Market - - Jan 20,2017
The European Central Bank (ECB) has kept its key interest rates at zero and stimulus programs unchanged for another month.
ECB President Mario Draghi said that the Eurozone’s economy has gained strength but it is still fragile. The decision was taken by the governing council of 25 members of the ECB, which includes 6 board members and 19 Eurozone central bank governors.
The decision also extended to keep a hold on the ECB’s bond-buying stimulus scheme that was extended last month due to worries related to economic growth. Policymakers earlier chose to extend the bank’s mass bond-buying from March to December for this year, although slowing the purchases from 80 billion to 60 billion euros ($85 billion to $64 billion) a month from April.
Amidst the rising uncertainties due to the economic consequences of Brexit referendum, the US election of Donald Trump and a series of elections coming up ahead for major Eurozone members, the ECB might have just pulled itself out of the spotlight for much of 2017.
However, due to a sudden jump in inflation, from 0.6 percent in November to 1.1 percent in December and reaching as high as 1.7 percent in Germany, critics of the bank are accusing it of having a loose monetary policy.

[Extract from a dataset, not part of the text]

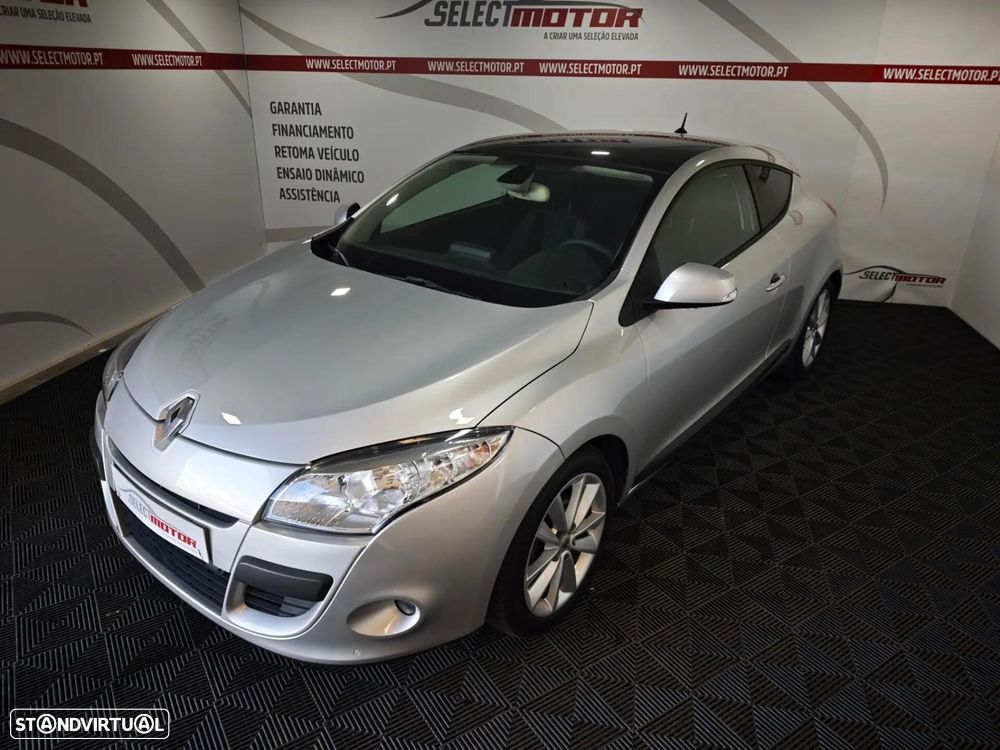 Renault Mégane Coupe 1.2 TCE Dynamique S SS - 3
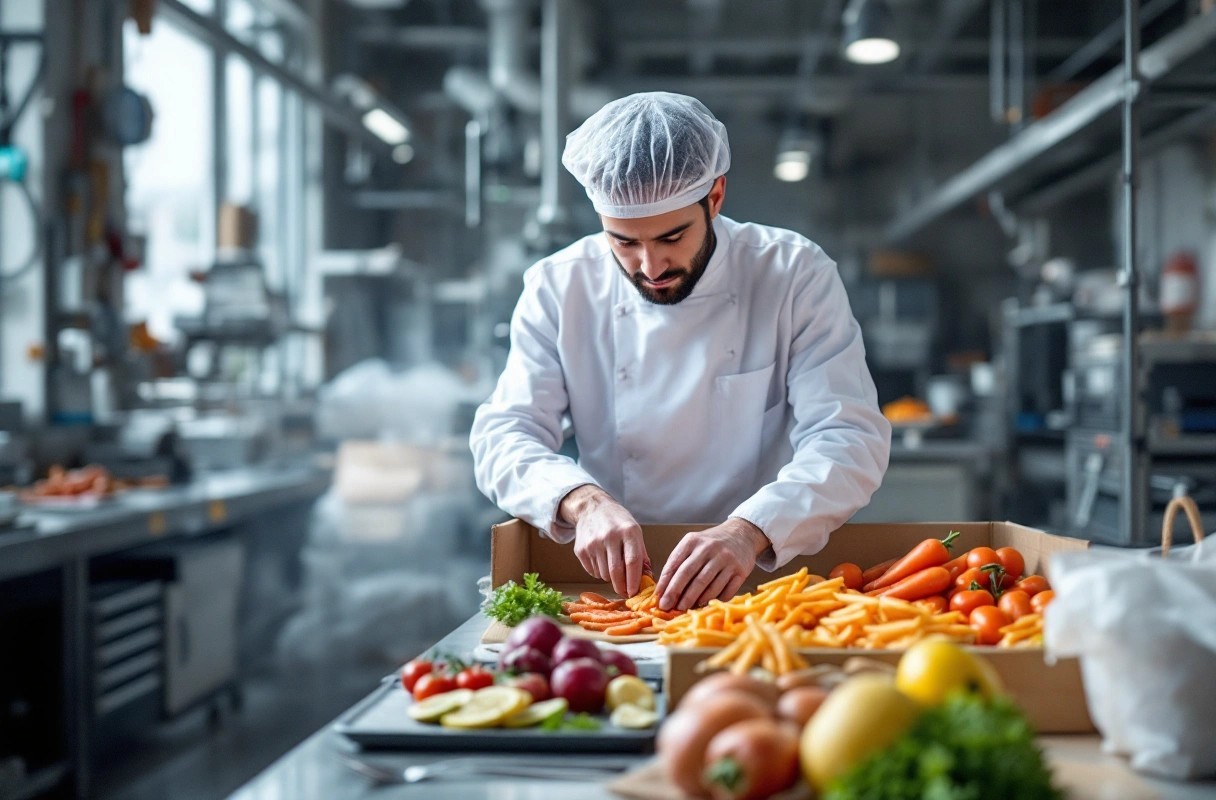 Professional image illustrating The Importance of Internal Readiness for HACCP Certification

Economists and politicians in Germany, where people are seeing their cash savings shrinking due to inflation, are already racketing for a rate rise.
Mr. Draghi said that inflation is still half of the bank’s target of 2 percent, adding that it is driven largely by rising oil prices. Though core inflation, which doesn’t include volatile fuel and food, has been stuck at 0.8-0.9 percent and wages are not growing as quickly as anticipated.
After the decision, the euro dropped to a new low of $1.06 and to 86.25 pence against the pence.